• _What you are asked to do_: Without changing a word, return the listing below, minus its images.

• _Data below_:
++++++++++

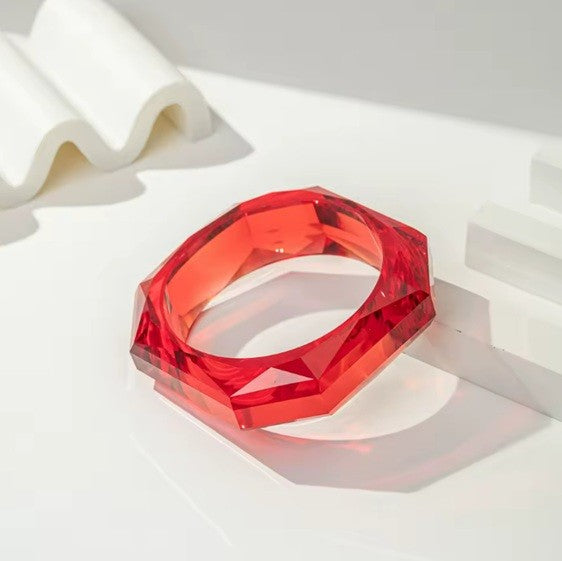 Aria Sculptural Resin Bangle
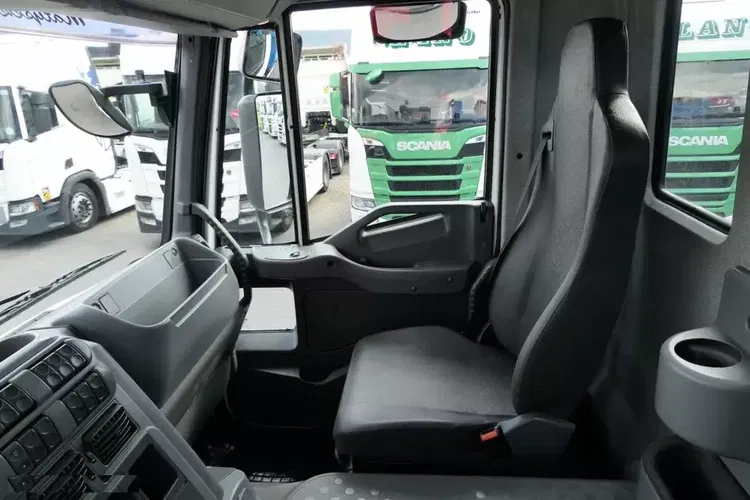 Iveco TRAKKER 380 / 6x4 / WYWROTKA MEILLER KIPPER / HYDROBURTA / BORDMATIC / OPONY 100 % / ŁADOWNOŚĆ : 14 TON zdjęcie 28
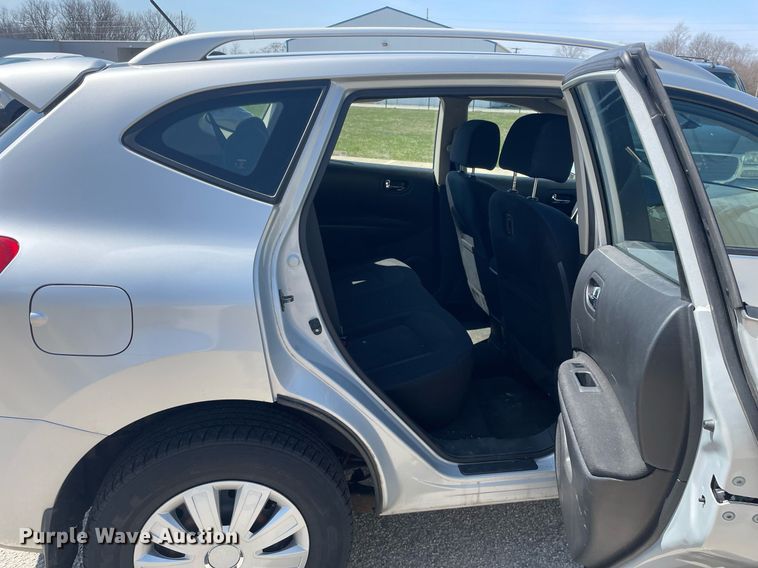 image for item LJ9590 2015 Nissan Rogue Select  SUV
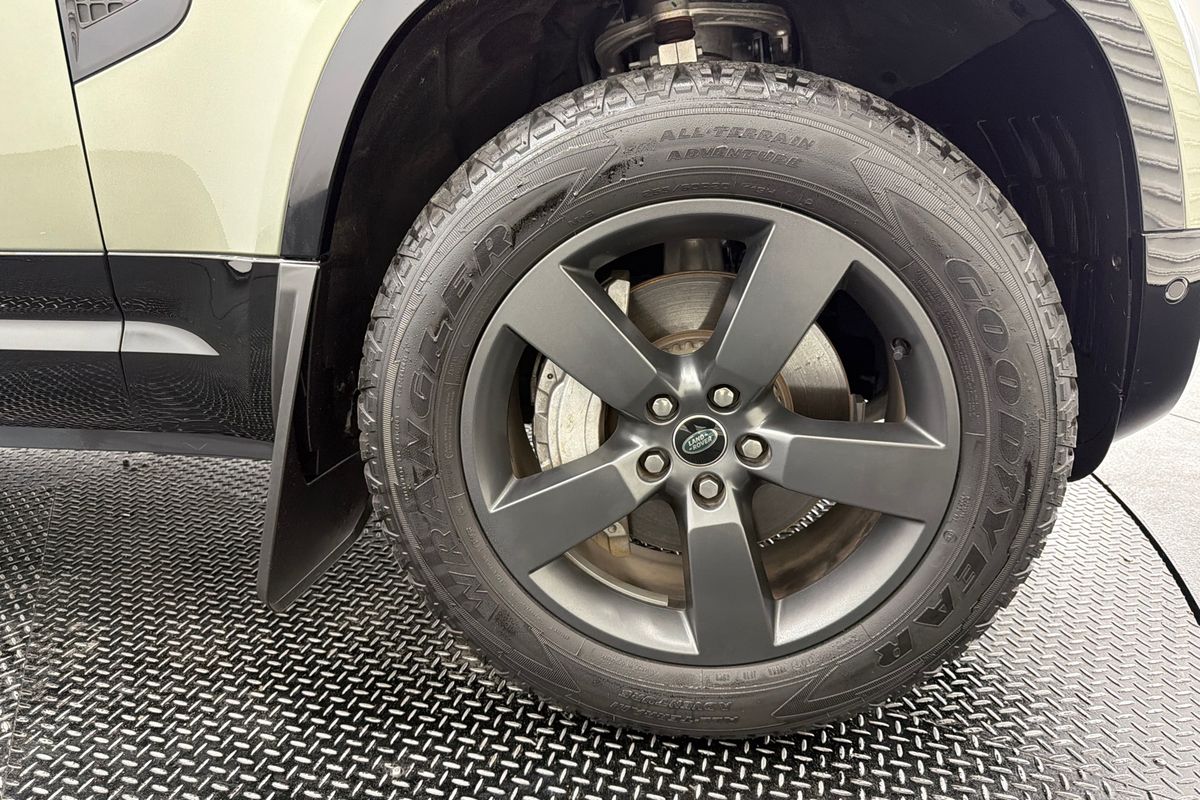 2024 Land Rover Defender 110 D300 X-Dynamic HSE L663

++++++++++

• _Solution_:
 Aria Sculptural Resin Bangle
 Iveco TRAKKER 380 / 6x4 / WYWROTKA MEILLER KIPPER / HYDROBURTA / BORDMATIC / OPONY 100 % / ŁADOWNOŚĆ : 14 TON zdjęcie 28
 image for item LJ9590 2015 Nissan Rogue Select  SUV
 2024 Land Rover Defender 110 D300 X-Dynamic HSE L663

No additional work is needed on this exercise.